A number of accounts in Ukraine have been disabled by Facebook, some of which are linked to Russian state-backed media sites. It’s also looking at demands from other governments to limit access to these accounts in other countries.
“We’ve been in touch with the Ukrainian government, and at their request, we’ve also banned access to certain accounts in Ukraine, including those belonging to various Russian state media companies,” said Nick Clegg, Meta’s vice president of global relations, in a Twitter thread. “We’re also looking at other demands from the Russian government to ban state-controlled media.”
Clegg also noted some Ukrainians’ calls for an outright ban on Facebook and Instagram in Russia, but said that doing so would “suppress valuable voice at a critical moment.” After Facebook refused to stop fact-checking and identifying Russian state-backed media sites, Russia temporarily blocked the social media website. In a blog post, Meta-owned Facebook highlights the steps it’s doing to address user safety, misinformation, and state-controlled media, as well as the special operations center it’s set up to respond to crises connected to the invasion of Ukraine.
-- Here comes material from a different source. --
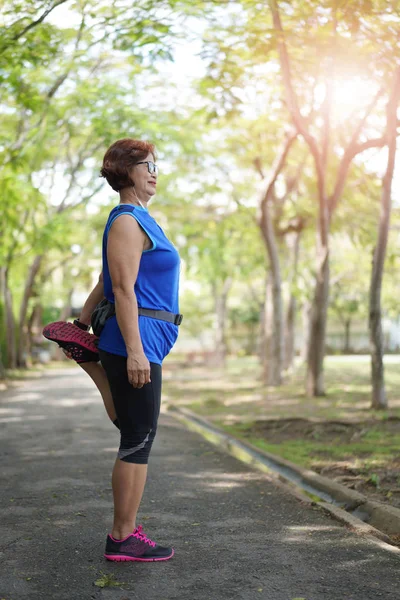 上級アジアの女性は 公園と音楽を聴くことで太ももの筋肉を伸ばします 一緒に運動競技シニア屋外 屋外を実行する前にストレッチ フィットの上級ランナー — ストック写真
Clegg and Facebook did not name the accounts that were blocked in Ukraine, nor did they say which nations requested restrictions on Russian state-controlled media. The Verge reached out to Facebook for comment but did not receive a response right away.
On Saturday, Facebook announced that Russian state media will no longer be able to advertise or earn money on the network. YouTube has also demonetized and blocked access to accounts connected to Russian state-run media in Ukraine. The European Union has also taken efforts to limit the influence of Russian state-run media, with European Commission President Ursula von der Leyen announcing a ban on Russian state-run media networks such as RT and Sputnik in the EU.